「私には教養がないのよ」

先日、授業で「中国母亲」というドキュメンタリー映像を見た。

ちなみに、中国母亲で検索すると、おそらくテレビドラマが出てくるが、私が見ているのは、ドキュメンタリータッチの映像なので、お気をつけあれ。

 

この映像は、北京郊外で暮らすおばあさんとおじいさんが、北京中心部で暮らす息子夫婦や孫と自分の生活の違い、考え方の違いを話し、それを記録するというスタンスである。

 

最も長くカメラが密着していたのは、そのおばあさんであった。

私にとって不可解であったのは、そのおばあさんは、何か息子夫婦の生活について質問されると、しきりに「私は、教養がないから(没文化)と返答していたことであった。

 

彼女自身の生年をメモしそこねてしまったが、一人目の子供(息子)を1969年に生んだ。

つまり、文化大革命(1966~)の真っ最中である。

彼女曰く、当然のように恋愛結婚ではなく、当時1966年は、「愛情感情って何だろう」というような、自由意思に基づく婚姻は尊重されない雰囲気だったという。

 

おばあさんは、小学校四年生までしか学校教育を受けておらず、それ以降は家事を手伝っていた。

共産党には入党しなかったものの、結婚および出産後は共産党の地区婦女代表として地域を取りまとめていたという。
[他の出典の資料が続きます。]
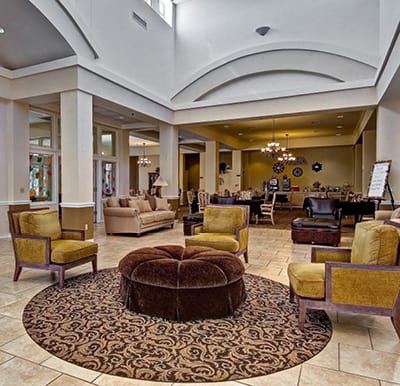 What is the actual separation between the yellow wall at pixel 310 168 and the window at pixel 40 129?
36.7ft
このときの思い出は、楽しそうに語っていた。

 

彼女は、息子を大学まで進学させ、その息子は大学時代に出会った女性と結婚し、北京の都市部で暮らしている。

 

彼女の考え方として、「国家のすることは間違っていないだろうし、自分には教養がないので、教養のある息子夫婦や孫が正しく、私が生き方に干渉することはできない」というものが中心にあった。

 

文化大革命という反知性主義の気運に乗せられた革命を経験し、現在では、孫に「いい大学に入り、いい会社に入って、国家に役立つ人物になること」を求める彼女の態度は、いかにも腑に落ちるようで腑に落ちないのである。

 

 

納得しにくいことを納得しないままずっと考えてもう3日目だ。